De verblinding moest voor deze mens ‘geschokt’ worden. Zoals door een kapitaalcrisis de aard van een samenleving plotseling helder wordt, zo is deze mens door een crisis wakker geschud. God deed een stap terug en als een kaartenhuis viel zijn leven in elkaar. Als God zich verbergt, dan trekt alle kleur uit een leven weg. Van Ruler benadrukt dat het heilzaam is wanneer mensen op de begrensdheid van de dingen stuiten. Hij zegt zelfs: ‘In die begrensdheid stoot een mens op God.’ Hij spreekt dan over het ‘binnenste van de schepping’, waar grenzen liggen, waar duidelijk wordt dat God de dingen een begin en een einde heeft gegeven.
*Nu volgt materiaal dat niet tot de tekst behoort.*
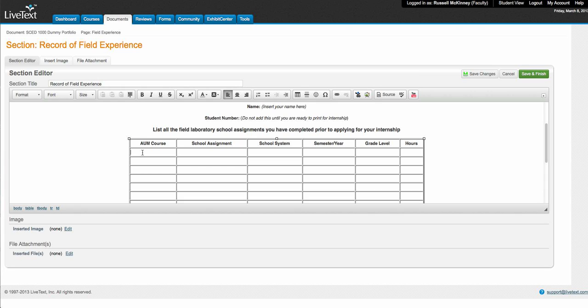So basically all you're going to do is put in FNDS 2010. Your school assignment, say for example you're going to Pond Elementary.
En dan het aanstekelijke voor deze dankdag: juist door deze ervaring klinkt de roep, de dank en het loflied weer tot God. Je ziet eerst een blasé leven, waaruit het loflied verdwenen leek. Maar als deze mens inziet dat alles van God afhangt en van Hem komt, dan hervindt hij de roep naar God en op een bepaalde manier ook weer de vreugde van de dingen. Je denkt even aan Leonard Cohen: ‘There’s a crack in everything, that’s how the light gets in.’Door een barst komt er nogal eens licht naar binnen. De preek zou een spiegel kunnen zijn over de manier waarop wij ons leven verzelfstandigen en ons verliezen in de waan van de grenzenloosheid. De preek zou ons kunnen laten zien dat het juist een genade kan zijn wanneer God ons daaruit wakker roept. Juist in de geschoktheid dat niets meer vanzelf spreekt, kan de roep, de lof en de dank opnieuw geboren worden en kan het kleinste een glans van boven krijgen. Als dat in ons midden gebeurt, dan is de beweging van Psalm 30 meegemaakt.

Liturgische aanwijzingen

Belangrijk is dat er in de dienst expliciet gedankt wordt; dankgebeden kunnen eventueel afgewisseld worden met een danklied of met een lied van Godsvertrouwen. Eventueel zou Matteüs 6 gelezen kunnen worden. Psalm 73 past goed in de dienst, evenals Psalm 40, 65 en 147. Verder Gezang 20, 479, 480 (Lvdk).

Geraadpleegde literatuur

M. Buber, Die Schriftwerke, Stuttgart 1992; de Naardense Bijbel van P. Oussoren, Vugt 2005; W. Barnard, Tegen David aanpraten, Zoetermeer 2003; W. Brueggemann, The Message of the Psalms, Minneapolis 1984, H-J. Kraus, Psalmen(bk), Neukirchen 1961/1978; A.A. van Ruler, Over de psalmen gesproken, Nijkerk 1973; de meditatie van O. Noordmans over Psalm 30:6a is te vinden in Verzameld Werk 7, Kampen 1990.